Task inputs below:
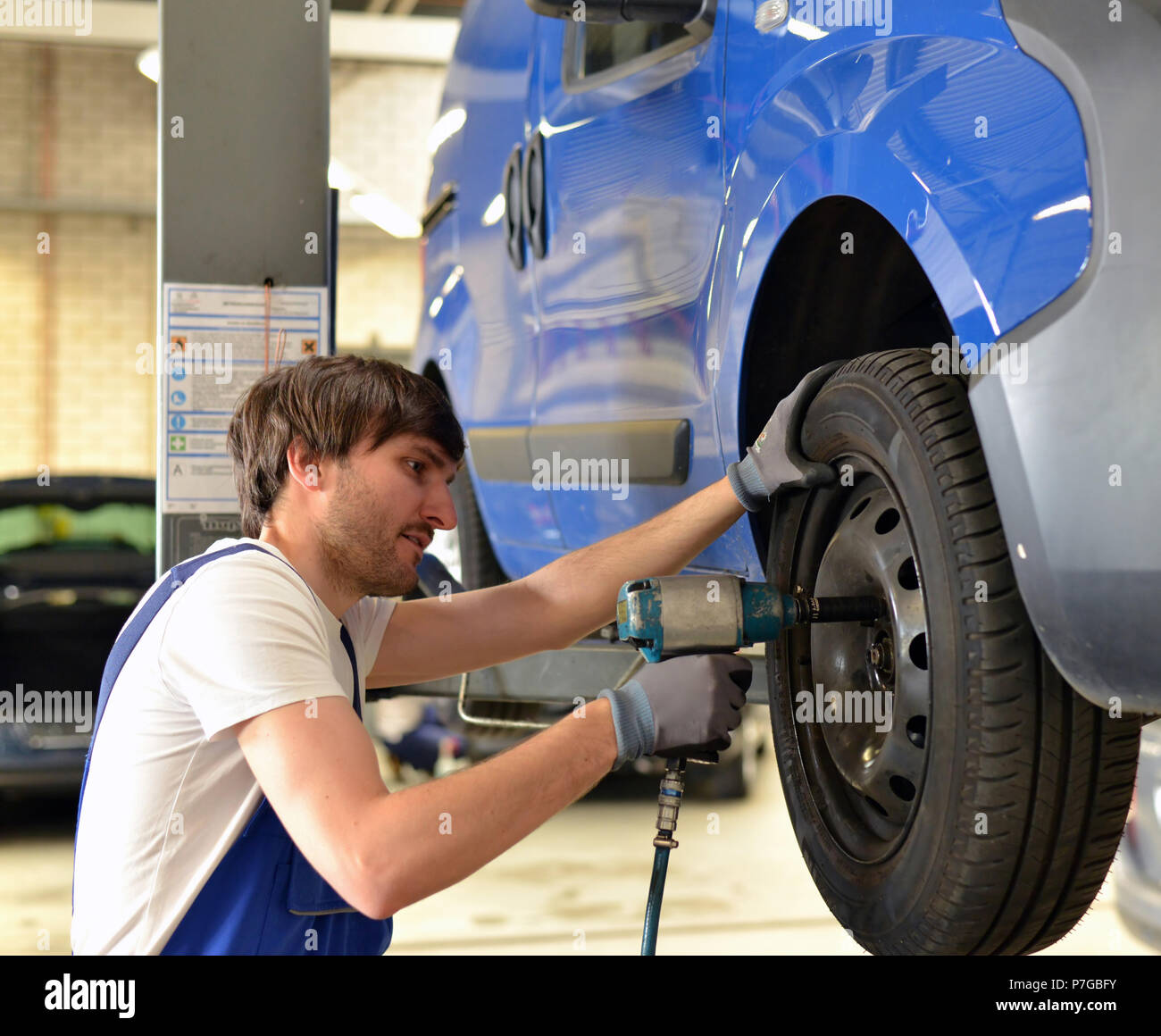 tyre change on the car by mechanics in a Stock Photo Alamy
End of Task inputs.
Task inputs below:
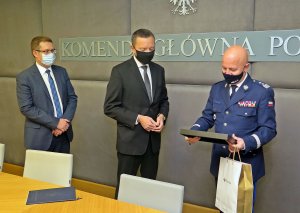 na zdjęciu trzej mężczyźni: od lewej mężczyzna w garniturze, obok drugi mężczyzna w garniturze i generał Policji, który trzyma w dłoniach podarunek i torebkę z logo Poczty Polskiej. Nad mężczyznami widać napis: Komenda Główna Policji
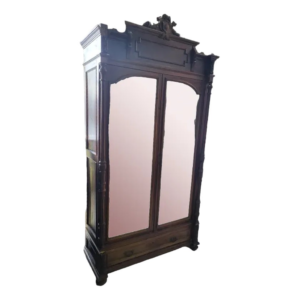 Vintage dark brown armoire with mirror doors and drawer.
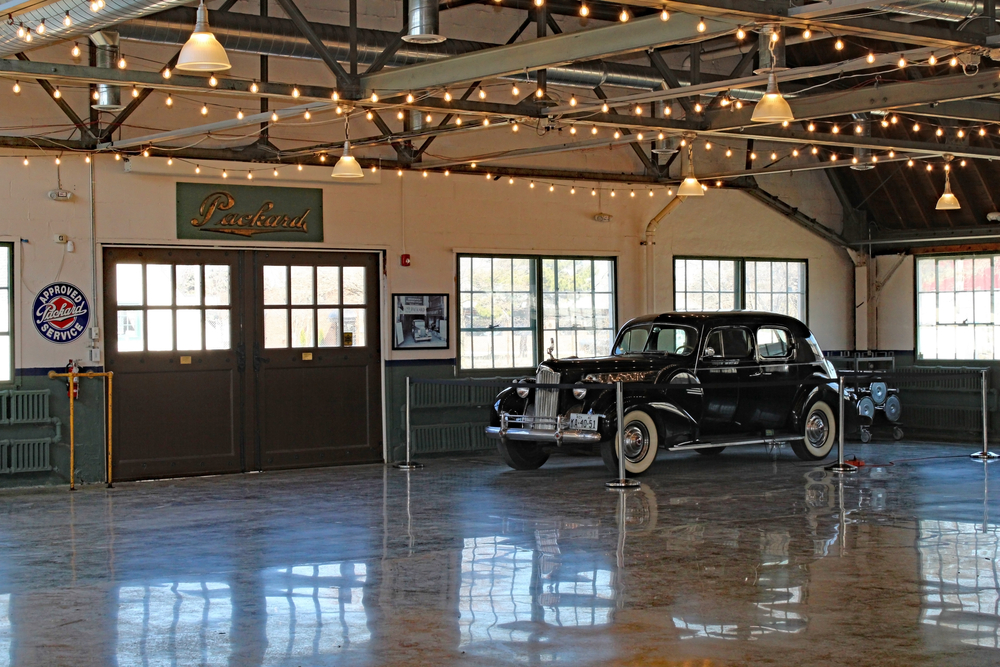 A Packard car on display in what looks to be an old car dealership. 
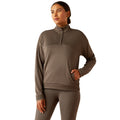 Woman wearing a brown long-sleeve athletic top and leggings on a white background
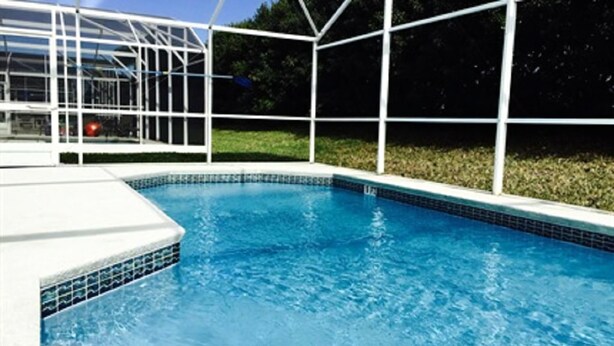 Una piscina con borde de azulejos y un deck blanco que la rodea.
End of Task inputs.
Only one stretch of the material above is wanted: the line containing "Vintage dark brown" through the line containing "Una piscina con". Restate it word for word, minus the pictures.

■ Answer to the exercise:
 Vintage dark brown armoire with mirror doors and drawer.
 A Packard car on display in what looks to be an old car dealership. 
 Woman wearing a brown long-sleeve athletic top and leggings on a white background
 Una piscina con borde de azulejos y un deck blanco que la rodea.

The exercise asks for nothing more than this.